* [RFC PATCH net-next] tcp: reduce cpu usage under tcp memory pressure when SO_SNDBUF is set
@ 2015-08-07 18:31 Jason Baron
2015-08-10 14:47 ` Eric Dumazet
0 siblings, 1 reply; 4+ messages in thread
From: Jason Baron @ 2015-08-07 18:31 UTC (permalink / raw)
To: davem, eric.dumazet; +Cc: netdev
From: Jason Baron <jbaron@akamai•com>
When SO_SNDBUF is set and we are under tcp memory pressure, the effective write
buffer space can be much lower than what was set using SO_SNDBUF. For example,
we may have set the buffer to 100kb, but we may only be able to write 10kb. In
this scenario poll()/select()/epoll(), are going to continuously return POLLOUT,
followed by -EAGAIN from write() in a very tight loop.

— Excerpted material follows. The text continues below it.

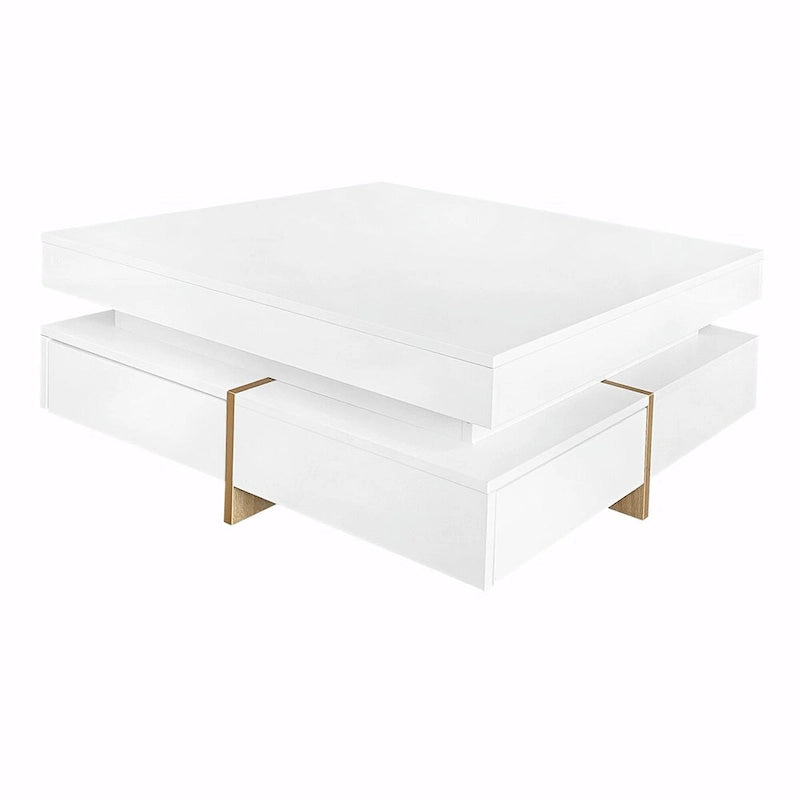 Table basse design laquée avec 4 tiroirs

Introduce sk->sk_effective_sndbuf, such that we can track the 'effective' size
of the sndbuf, when we have a short write due to memory pressure. By using the
sk->sk_effective_sndbuf instead of the sk->sk_sndbuf when we are under memory
pressure, we can delay the POLLOUT until 1/3 of the buffer clears as we normally
do. There is no issue here when SO_SNDBUF is not set, since the tcp layer will
auto tune the sk->sndbuf.
In my testing, this brought a single threaad's cpu usage down from 100% to 1%
while maintaining the same level of throughput when under memory pressure.
Signed-off-by: Jason Baron <jbaron@akamai•com>
---
include/net/sock.h | 12 ++++++++++++
net/core/sock.c | 1 +
net/core/stream.c | 1 +
net/ipv4/tcp.c | 10 +++++++---
4 files changed, 21 insertions(+), 3 deletions(-)

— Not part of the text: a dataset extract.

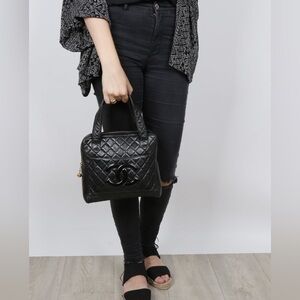 Authentic Chanel black lambskin leather mini CC tote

diff --git a/include/net/sock.h b/include/net/sock.h
index 43c6abc..ca49415 100644
--- a/include/net/sock.h
+++ b/include/net/sock.h
@@ -380,6 +380,7 @@ struct sock {
atomic_t sk_wmem_alloc;
atomic_t sk_omem_alloc;
int sk_sndbuf;
+ int sk_effective_sndbuf;
struct sk_buff_head sk_write_queue;
kmemcheck_bitfield_begin(flags);
unsigned int sk_shutdown : 2,
@@ -779,6 +780,14 @@ static inline bool sk_acceptq_is_full(const struct sock *sk)
return sk->sk_ack_backlog > sk->sk_max_ack_backlog;
}
+static inline void sk_set_effective_sndbuf(struct sock *sk)
+{
+ if (sk->sk_wmem_queued > sk->sk_sndbuf)

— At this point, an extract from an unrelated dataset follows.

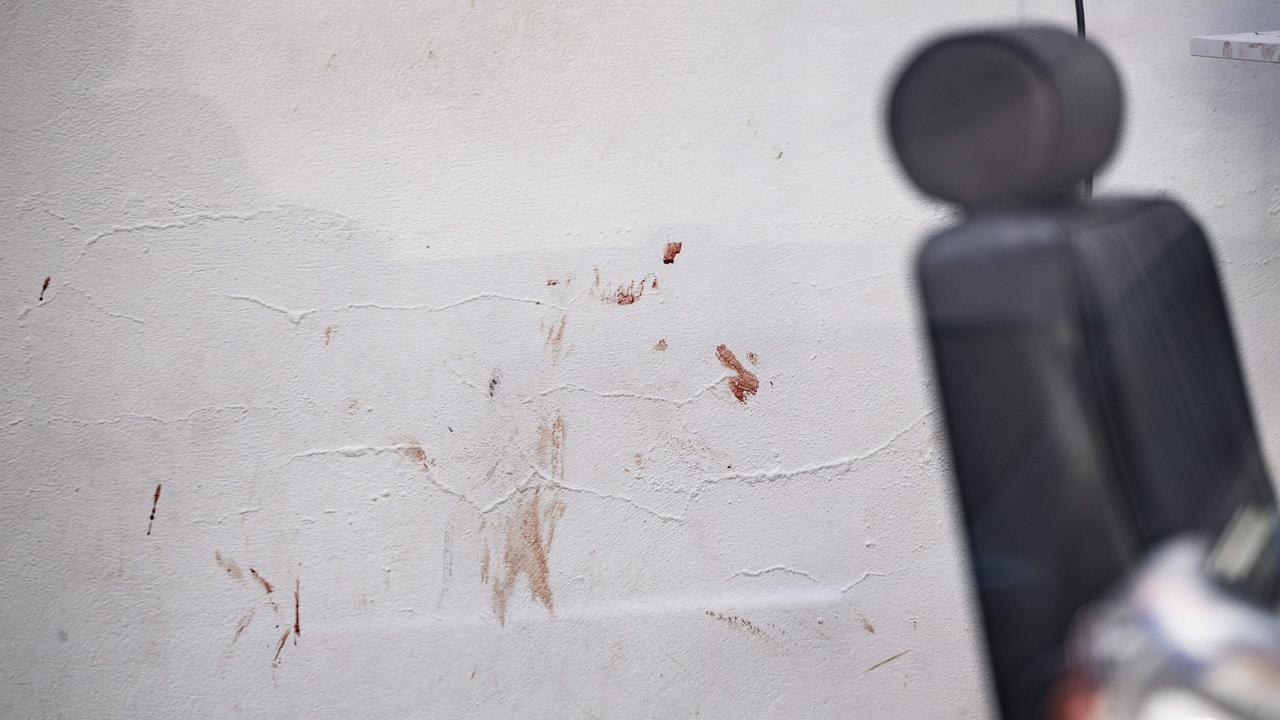 A wall inside Adel’s Salon, marked by what appears to be blood, on Saturday morning. Picture: NCA NewsWIRE, Monique Harmer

+ sk->sk_effective_sndbuf = sk->sk_sndbuf;
+ else
+ sk->sk_effective_sndbuf = sk->sk_wmem_queued;
+}
+
/*
* Compute minimal free write space needed to queue new packets.
*/
@@ -789,6 +798,9 @@ static inline int sk_stream_min_wspace(const struct sock *sk)
static inline int sk_stream_wspace(const struct sock *sk)
{
+ if (sk->sk_effective_sndbuf)
+ return sk->sk_effective_sndbuf - sk->sk_wmem_queued;
+
return sk->sk_sndbuf - sk->sk_wmem_queued;
}
diff --git a/net/core/sock.c b/net/core/sock.c
index 193901d..4fce879 100644
--- a/net/core/sock.c
+++ b/net/core/sock.c
@@ -2309,6 +2309,7 @@ void sock_init_data(struct socket *sock, struct sock *sk)
sk->sk_allocation = GFP_KERNEL;
sk->sk_rcvbuf = sysctl_rmem_default;
sk->sk_sndbuf = sysctl_wmem_default;
+ sk->sk_effective_sndbuf = 0;
sk->sk_state = TCP_CLOSE;
sk_set_socket(sk, sock);
diff --git a/net/core/stream.c b/net/core/stream.c
index d70f77a..7c175e7 100644
--- a/net/core/stream.c
+++ b/net/core/stream.c
@@ -32,6 +32,7 @@ void sk_stream_write_space(struct sock *sk)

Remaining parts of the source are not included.